Work order:
Given the entries below, would you transcribe exactly the lines starting at the one with "gradient yellow sky." and ending at the one with "Genç adam dışarıda egzersiz yapıyor.", both kept, pictures omitted, nothing extra?

Records to process:
──────
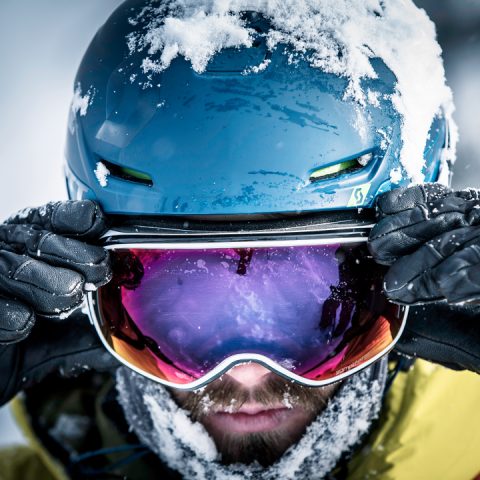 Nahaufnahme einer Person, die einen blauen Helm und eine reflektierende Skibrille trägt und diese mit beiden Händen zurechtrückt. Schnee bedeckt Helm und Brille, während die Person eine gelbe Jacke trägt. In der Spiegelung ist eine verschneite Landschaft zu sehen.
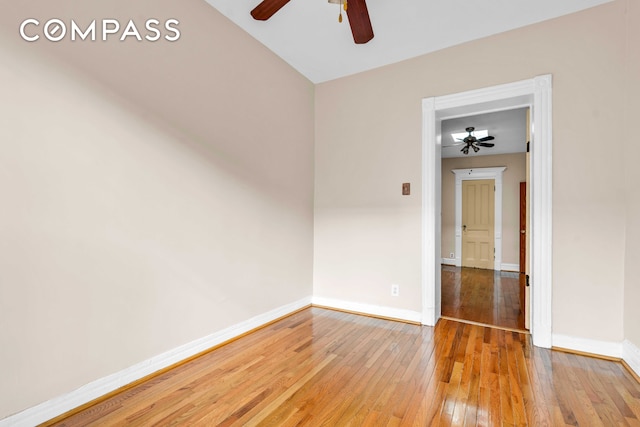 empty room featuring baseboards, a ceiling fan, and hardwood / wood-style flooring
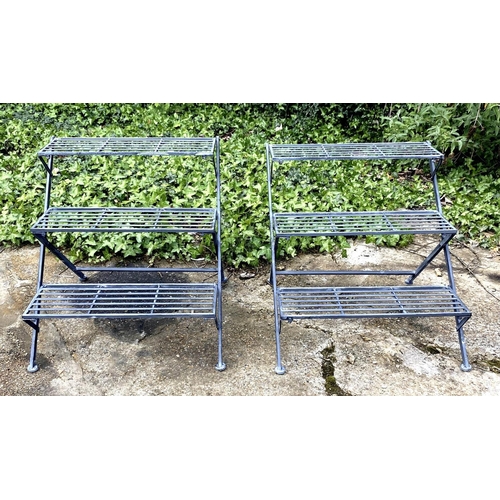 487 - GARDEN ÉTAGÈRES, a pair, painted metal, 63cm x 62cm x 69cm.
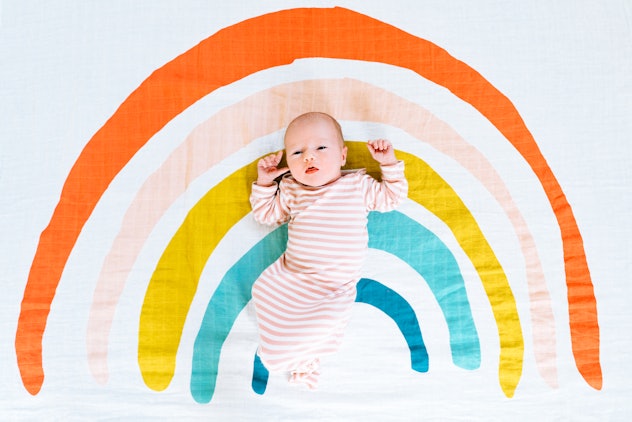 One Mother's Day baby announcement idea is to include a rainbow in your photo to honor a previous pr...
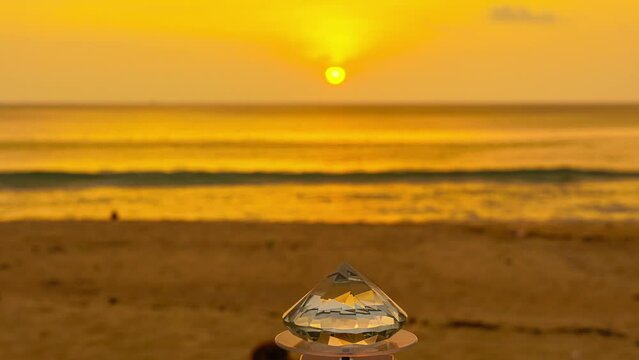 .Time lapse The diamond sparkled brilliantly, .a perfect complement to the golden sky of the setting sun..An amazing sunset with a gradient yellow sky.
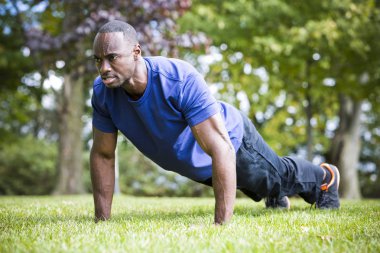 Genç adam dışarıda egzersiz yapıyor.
──────
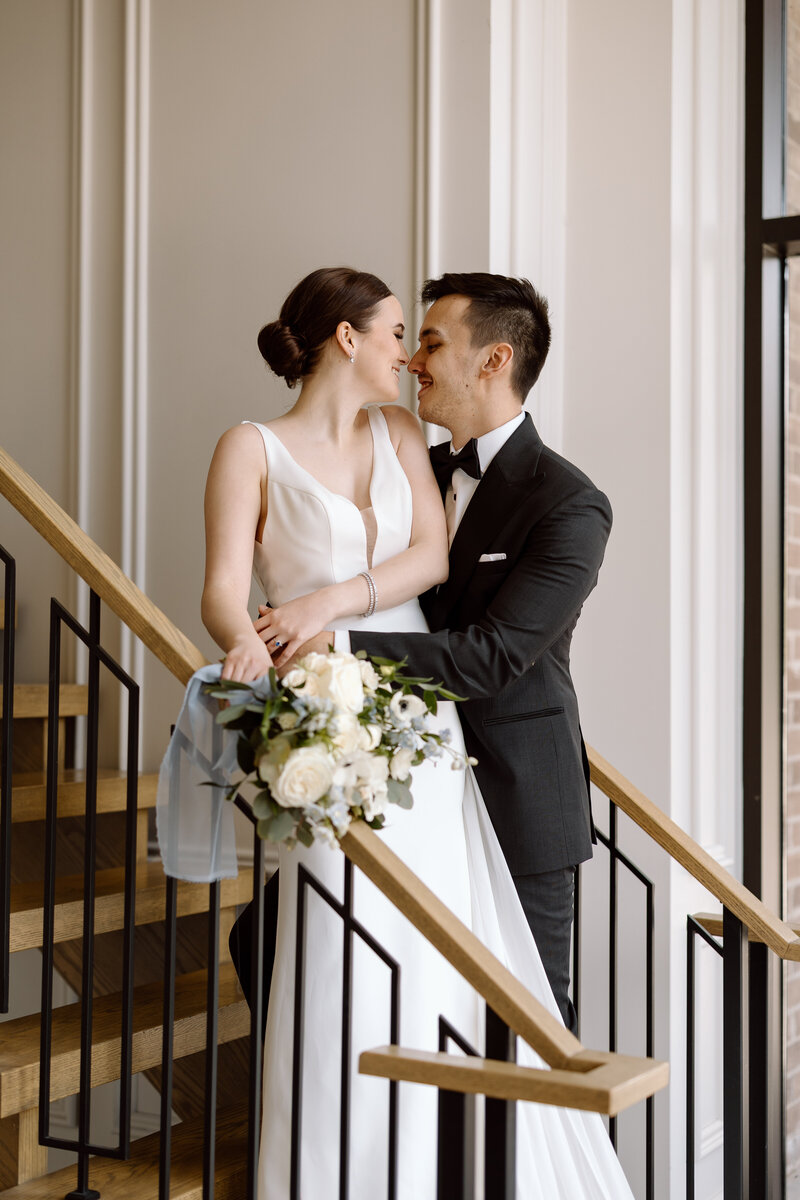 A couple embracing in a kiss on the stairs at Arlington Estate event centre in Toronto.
──────
Answer section:
 .Time lapse The diamond sparkled brilliantly, .a perfect complement to the golden sky of the setting sun..An amazing sunset with a gradient yellow sky.
 Genç adam dışarıda egzersiz yapıyor.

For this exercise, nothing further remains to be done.